Dataset items
+ + + +

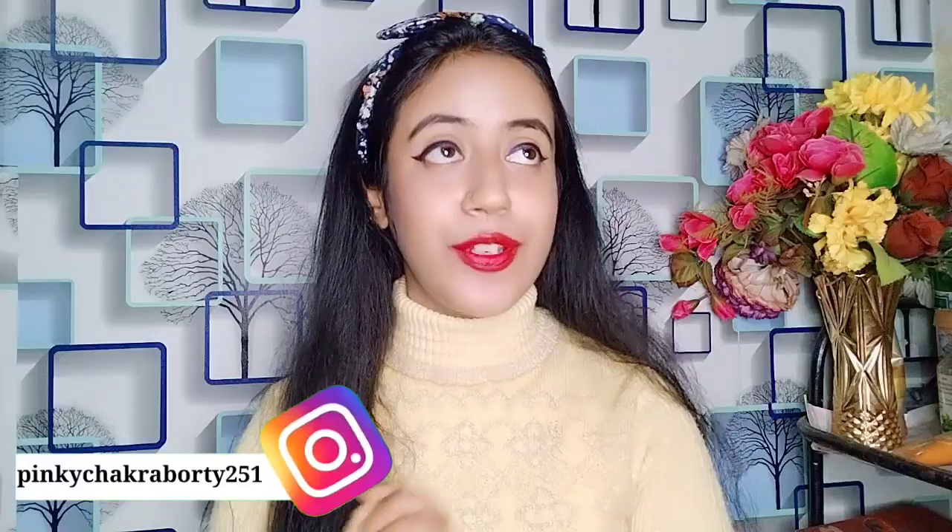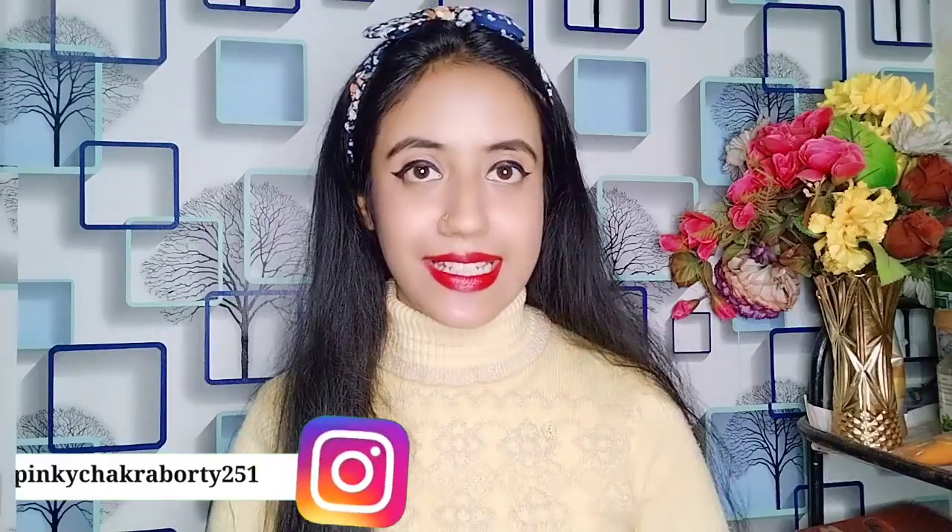Hey guys, welcome to my channel! Today's video is one I know you're going to like a lot. It will be very useful for you, especially if you are very busy and don't have time for skincare. Today I'm going to share a winter skincare routine using only two products.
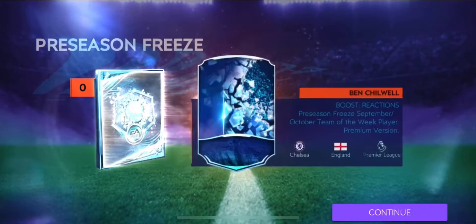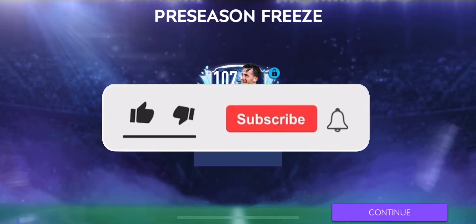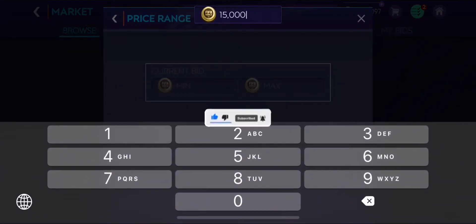Yo guys, welcome to my YouTube channel, and in today's video we will check out Chilwell, who is a 107 rated left wing back from Chelsea. But before that, if you still aren't subscribed, hit that subscribe button right now for daily amazing uploads.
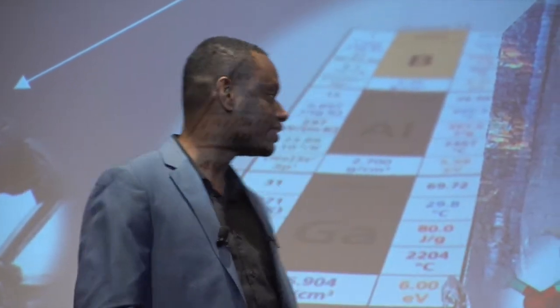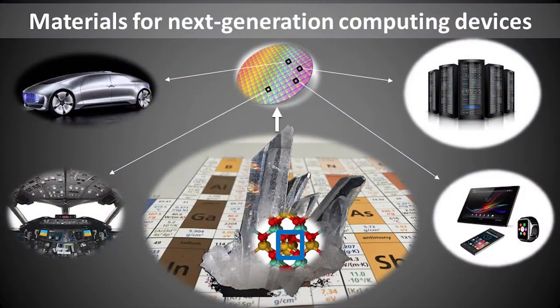We are fast approaching the time when we will not be able to make those transistors any smaller. So how do we keep improving the speed of our electronic devices? In my research, instead of looking at how we can make transistors smaller, I look for materials that can make them better in the first place. I study those materials at the molecular level and investigate how the atomic structure ultimately affects their performance.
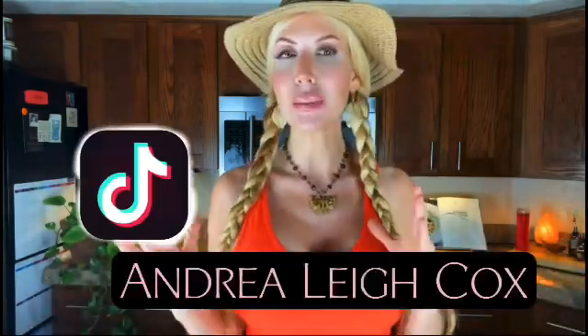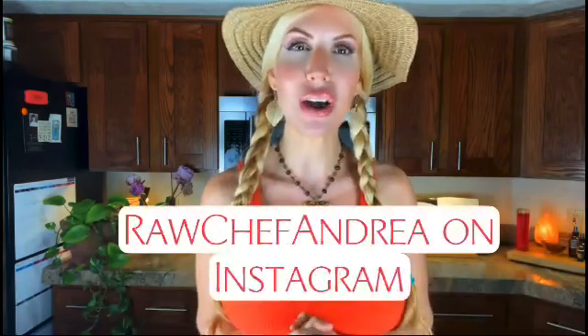I love each and every one of you. Please love yourself, take care of your health, and drink your green juice. I love connecting with people on all my social media platforms. On Facebook I post the most — my personal page has 25,000 followers, it's Andrea Leigh Cox on Facebook. On TikTok I am Andrea Leigh Cox. On Instagram I am Raw Chef Andrea. On YouTube it's Andrea Cox TV for health and wellness and the Detox Intuitive for spirituality. Sign up for my newsletter at andreacox.com with 54,000 other people. Be well.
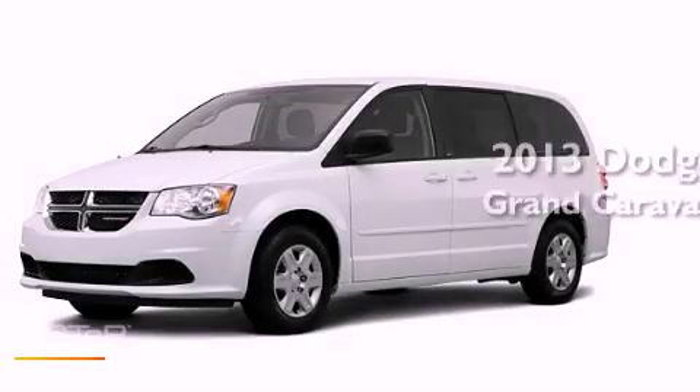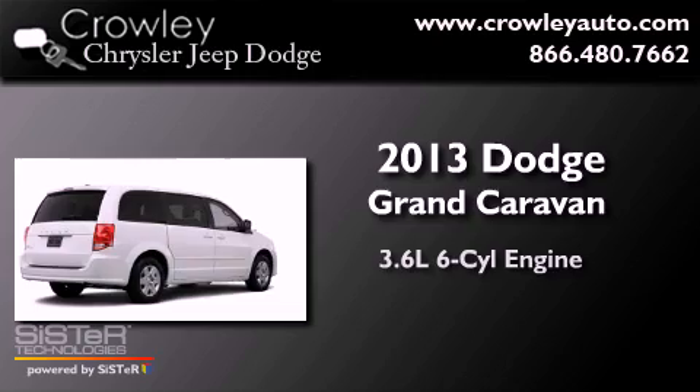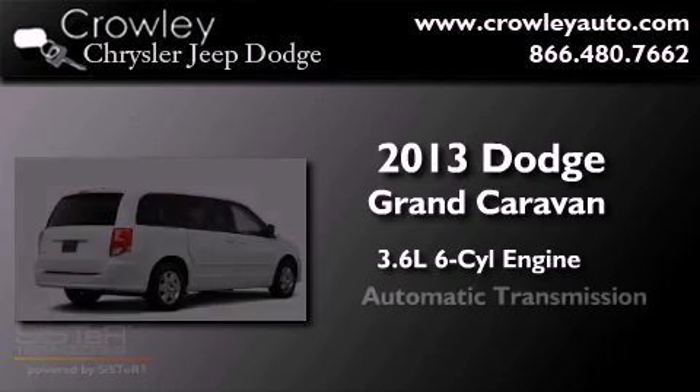This is a brand-new 2013 Dodge Grand Caravan. It has a 3.6-liter six-cylinder engine and an automatic transmission.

+ + + +

Your objective: An exact reproduction of the data is needed, with no pictures included.

Output for this task:
Hey guys, welcome to my channel! Today's video is one I know you're going to like a lot. It will be very useful for you, especially if you are very busy and don't have time for skincare. Today I'm going to share a winter skincare routine using only two products.
Yo guys, welcome to my YouTube channel, and in today's video we will check out Chilwell, who is a 107 rated left wing back from Chelsea. But before that, if you still aren't subscribed, hit that subscribe button right now for daily amazing uploads.
We are fast approaching the time when we will not be able to make those transistors any smaller. So how do we keep improving the speed of our electronic devices? In my research, instead of looking at how we can make transistors smaller, I look for materials that can make them better in the first place. I study those materials at the molecular level and investigate how the atomic structure ultimately affects their performance.
I love each and every one of you. Please love yourself, take care of your health, and drink your green juice. I love connecting with people on all my social media platforms. On Facebook I post the most — my personal page has 25,000 followers, it's Andrea Leigh Cox on Facebook. On TikTok I am Andrea Leigh Cox. On Instagram I am Raw Chef Andrea. On YouTube it's Andrea Cox TV for health and wellness and the Detox Intuitive for spirituality. Sign up for my newsletter at andreacox.com with 54,000 other people. Be well.
This is a brand-new 2013 Dodge Grand Caravan. It has a 3.6-liter six-cylinder engine and an automatic transmission.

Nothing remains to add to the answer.